WORK REQUEST.
Restate exactly, and only, the lines from the one with "Praying For No" through the end of the data, with both of those end lines kept. Drop any pictures.

TASK MATERIAL.
- Opening Delimiter -
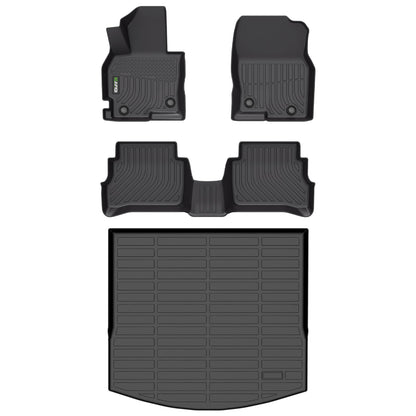 HAFIDI® Floor Mats & Cargo Liner Set Fit for 2023-2027 Kia NIRO & NIRO Hybrid (Not for NIRO EV &NIRO PHEV) All Weather Protection TPE Anti-Slip Floor Liners Custom Accessories -Black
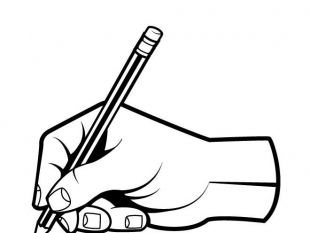 310x233 Pencil Drawing A Line Clip Art Free Vectors Ui Download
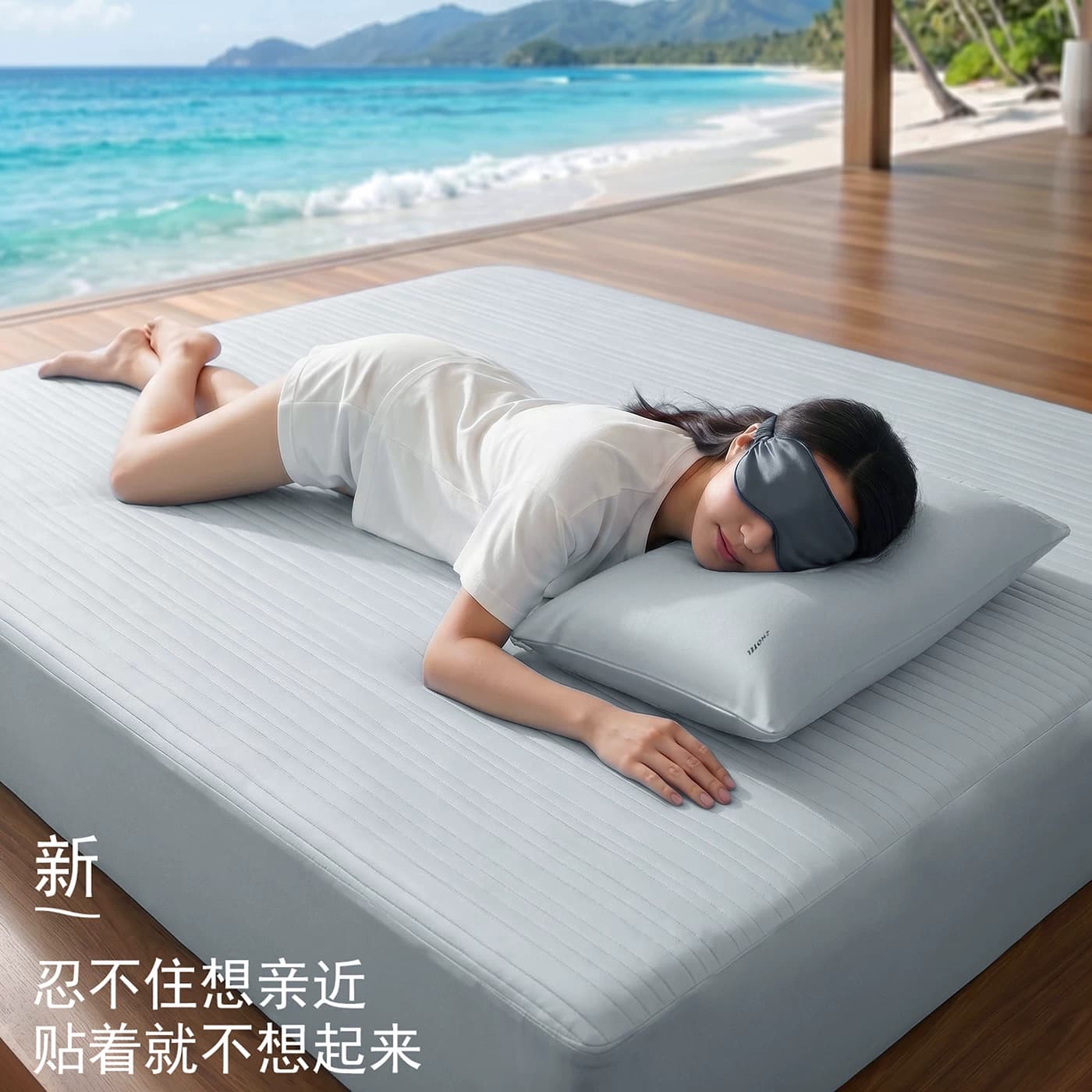 ZHotel冰丝凉席子夏凉垫凉感床笠罩软席透气夏季WTN - 缩略图5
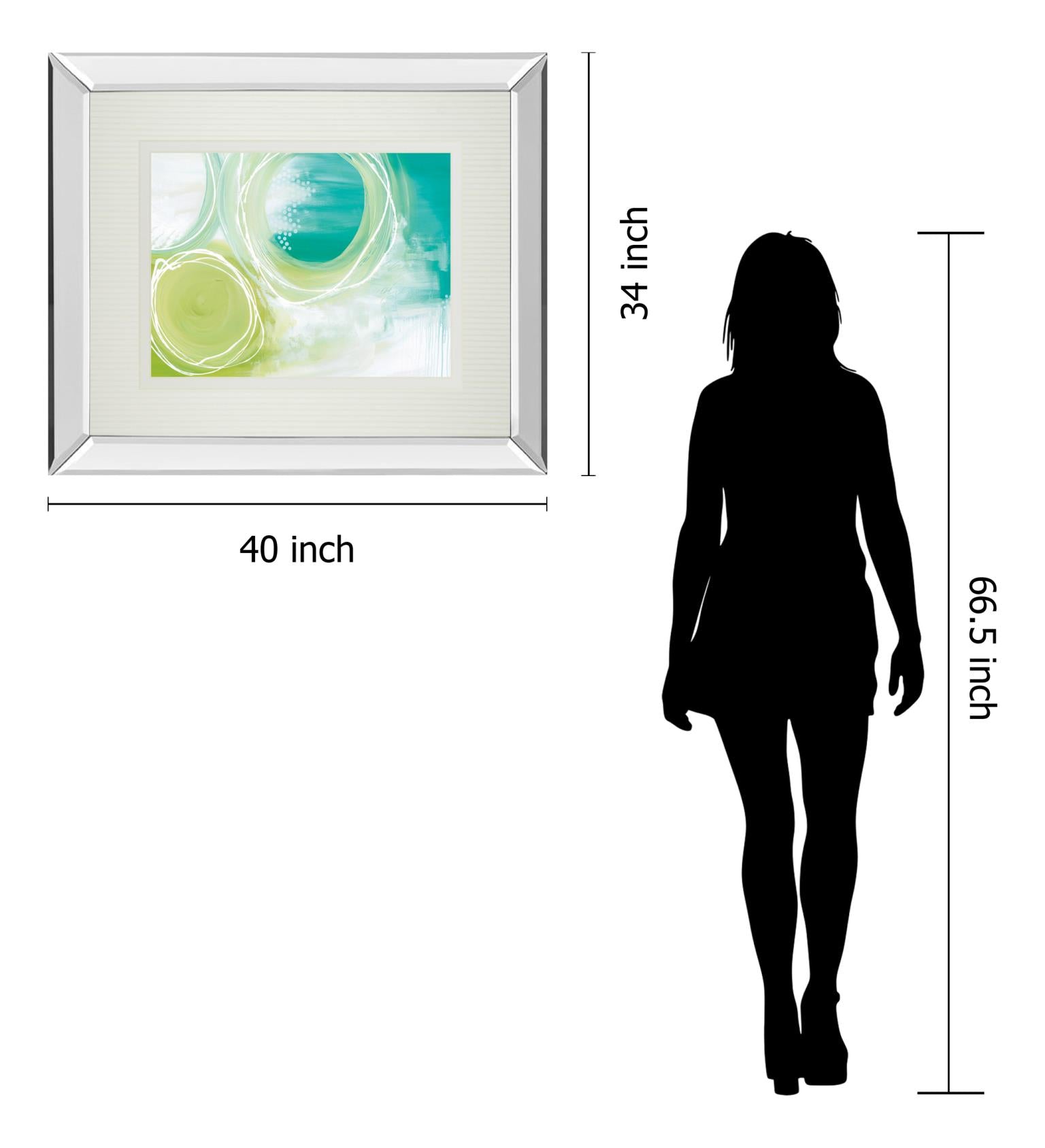 Praying For No Strings By Julie Hawkins 34X40 Mirror Frame Print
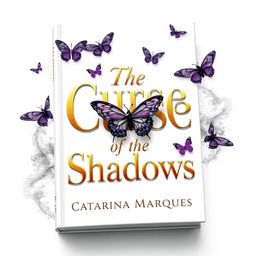 A visually captivating book cover design featuring a pristine white background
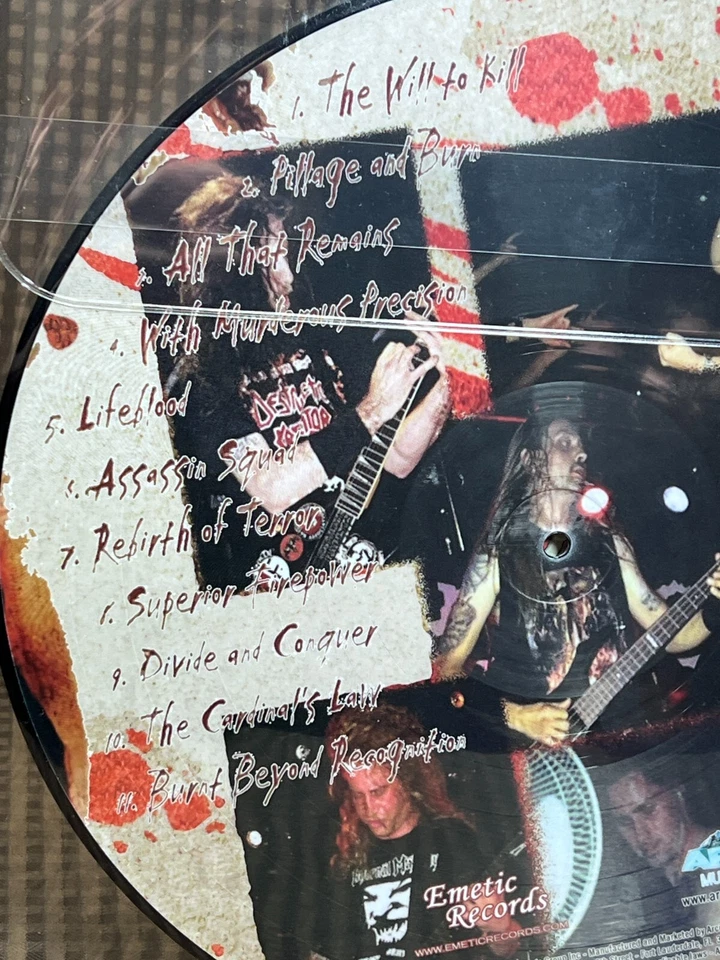 Malevolent Creation The Will To Kill Picture Disc 12' Vinyl LP Death Metal - Image 4 of 4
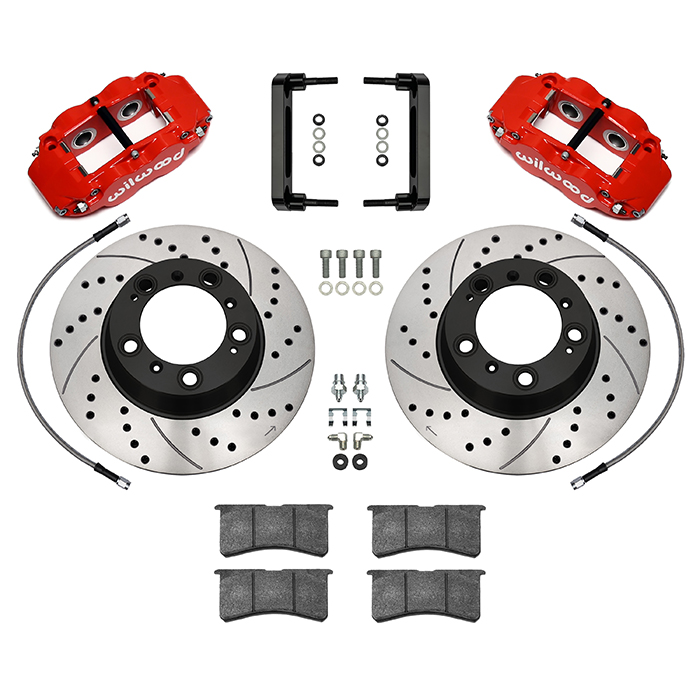 Forged Narrow Superlite 4R Big Brake Rear Brake Kit For OE Parking Brake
- Closing Delimiter -
EXERCISE ANSWER.
 Praying For No Strings By Julie Hawkins 34X40 Mirror Frame Print
 A visually captivating book cover design featuring a pristine white background
 Malevolent Creation The Will To Kill Picture Disc 12' Vinyl LP Death Metal - Image 4 of 4
 Forged Narrow Superlite 4R Big Brake Rear Brake Kit For OE Parking Brake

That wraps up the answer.